And, as noted, the Axis did run through their rail tanker fleet pretty
quickly, while the barge fleet had problems. 700 ton barges could make
it to Regensburg, but the capacity of the Main Canal was only 400
tons, so they had to be transhipped - again - to make it further into
Germany. :)

Bay Man
2012-11-19 17:18:49 UTC
Permalink
Post by Bill Shatzer
Did any thing go by tanker across the Black Sea to the distribution
network in Romania?
The Romanians has a good sizes tanker fleet. The Soviets came up with a
novel and effective way of transporting oil.....

"Then the naval experts of the Baku oil-tanker fleet performed an incredible
feat. For the first time in the world's history, they began towing a
floating railway of oil tankers (wagons) from Baku to Krasnovodsk
(Turkmenistan) as well as several thousands tons of oil reservoirs from
Makhachkala (Dagestan) to Krasnovodsk."

"The fleets were extremely overloaded. For example, the amount of oil
transport in July 1941 exceeded 10 million barrels of crude oil and fuel.
This amount was beyond the technical capabilities of the tanker fleet in
Baku. But the demands from Moscow did not take into account the physical
limitations. It was then that Baku naval experts hit upon the idea of
attaching whole tanks and cisterns to each other by steel ropes and lowering
them into the sea by cranes and towing them by steam tugs. This had never
been done before in any place in the world and it enabled them to tow up to
35 cisterns together or 3 huge oil tanks (5 ton capacity) with a single
tugboat."
Post by Bill Shatzer
I rather agree that Iraq and the Gulf is a dead end, at least in the short
and medium term.
But if they circled the Med?
Post by Bill Shatzer
And I realize that Germans never captured Baku or the other really big
Caucasus oil fields and they didn't retain the smaller ones long enough to
repair the damage inflicted by the retreating Soviets and get them into
serious production.
But assuming they did capture the big oil fields and held them long enough
to repair the damage and ramp up serious production, why would the
pre-Barbarossa transportation method(s) be inadequate, at least at the
levels of pre-1941 supply?
They would be damaged for sure. But the Axis powers would build new tankers,
rail etc, while still using the Romanian oil fields. The Germans and
Italians had no problems in transporting Romanian oil.

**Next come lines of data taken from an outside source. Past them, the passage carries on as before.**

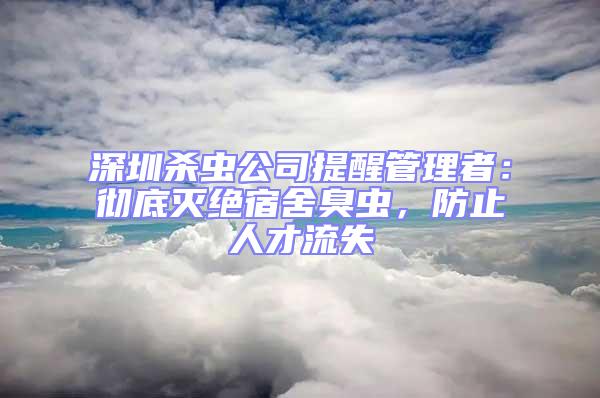 深圳殺蟲公司提醒管理者：徹底滅絕宿舍臭蟲，防止人才流失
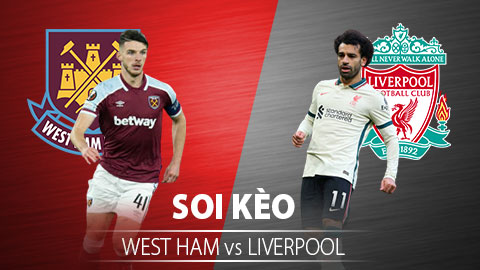 TỶ LỆ và dự đoán kết quả West Ham vs Liverpool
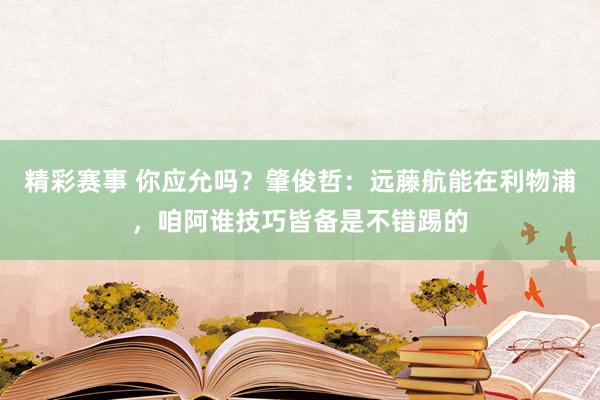 精彩赛事 你应允吗？肇俊哲：远藤航能在利物浦，咱阿谁技巧皆备是不错踢的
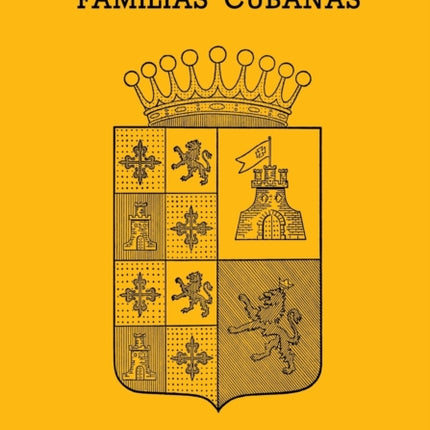 HISTORIA DE FAMILIAS CUBANAS VII 7 COLECCION CUBA Y SUS JUECES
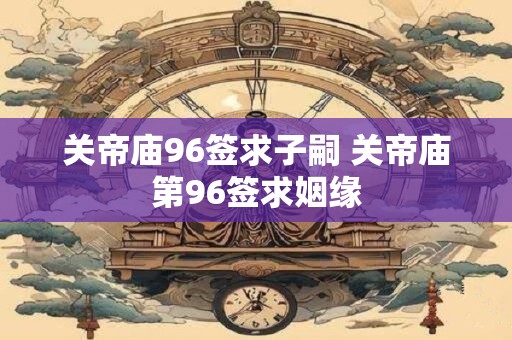 关帝庙96签求子嗣 关帝庙第96签求姻缘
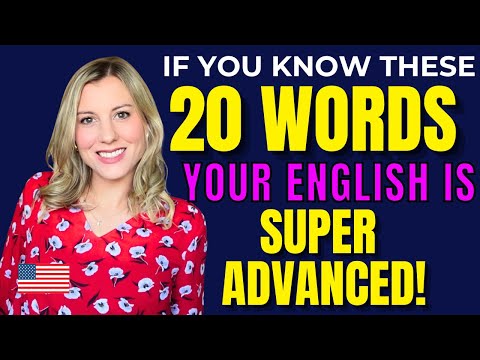 If you Know these 20 Words your English is Excellent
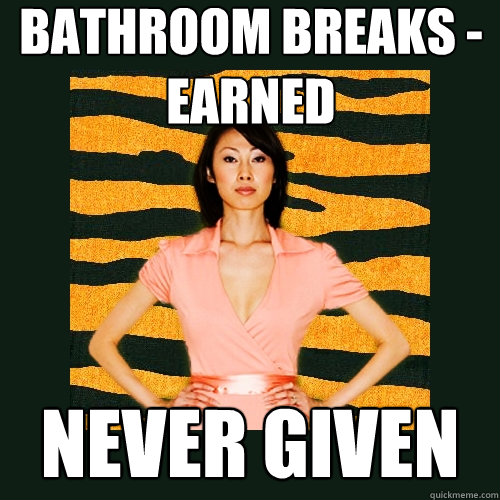 Bathroom breaks -
earned never given - Bathroom breaks -
earned never given  Tiger Mom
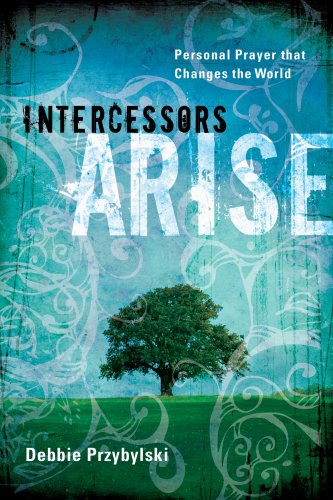 Intercessors Arise: Personal Prayer That Changes the World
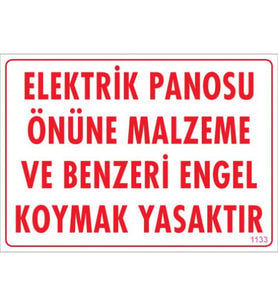 SÖNSAN UYARI LEVHALARI ''ELEKTRİK PANOSU ÖNÜNE MALZEME VE BENZERİ ENGEL KOYMAK YASAKTIR'' PVC 25*35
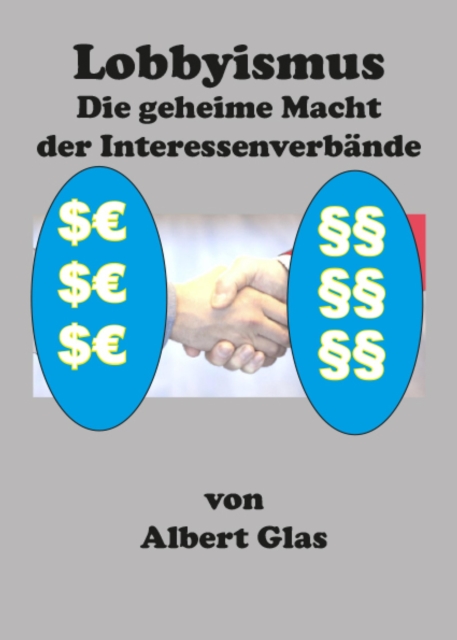 Lobbyismus - die geheime Macht der Interessenverbände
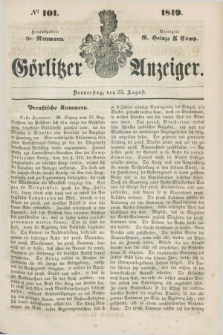 Görlitzer Anzeiger. 1849, № 101 (23 August) + dod.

"Most of the Rumanian/ Hungarian oil products were supplied direct to the
armed forces in the Eastern areas [...] The total Rumanian crude production
was said to be roughly 6,000,000 tons/year. [...] German oil production:
1,920,000 tons/yeare, some 8-900,000 came from the Austrian fields,
6-700,000 tons/year from the Hanover district, 2000,000 tons/year from Heide
and the remainder from Baden and the Polish frontier area. The German
crudes, particularly those from Austria which contained only 5-7% petrol,
were particularly good for lubricating oil production"
Rich
2012-11-19 19:36:02 UTC
Permalink
On Nov 19, 12:18 pm, "Bay Man"
Post by Bay Man
The Romanians has a good sizes tanker fleet. The Soviets came up with a
novel and effective way of transporting oil.....
This gets funnier by the minute. In Baymanese, three equals "good
sizes". The Romanian merchant fleet at the outbreak of World war II
consisted of 98 steam and 13 motor vessels, of which three were
tankers totaling 22,625 GRT. Of those three, one, SS Oltenia, was
seized by the British in 1941.

(snip irrelevancy)
Post by Bay Man
But if they circled the Med?
Good grief!
Post by Bay Man
They would be damaged for sure. But the Axis powers would build new tankers,
rail etc, while still using the Romanian oil fields. The Germans and
Italians had no problems in transporting Romanian oil.
Yet again the baymanesque solution for everything, deny reality and
wish, really, really, really HARD! No, the Axis powers had little
capacity to build new tankers - and didn't - and had only marginally
greater capacity to build rail. By February 1943, the number of rail
tank cars available to the Axis (including captured stocks) had
increased from 57,010 prewar, to a peak of 60,450 in Autumn 1941,
before plummeting to just 25,183. The Germans and Italians had
***lots*** of problems in transporting Romanian oil. In terms of sea
transport, the biggest one, aside from the lack of tankers, was that
Constanta had only eight oil terminals, each of a maximum 8,000 GRT
capacity.

For a rather more thorough estimate of Axis oil transport capacity
than that fantasized by Bayman, see Allied Joint Intelligence
Committee, Enemy Oil Committee, European Axis Subcommittee: _Petroleum
Facilities of Germany. The Enemy Oil Committee of the Fuels and
Lubricants Division, Office of the Quartermaster General_, March 1945,
pp. 233-239 and the _Axis Oil Position_, 1943-1944, p. 35.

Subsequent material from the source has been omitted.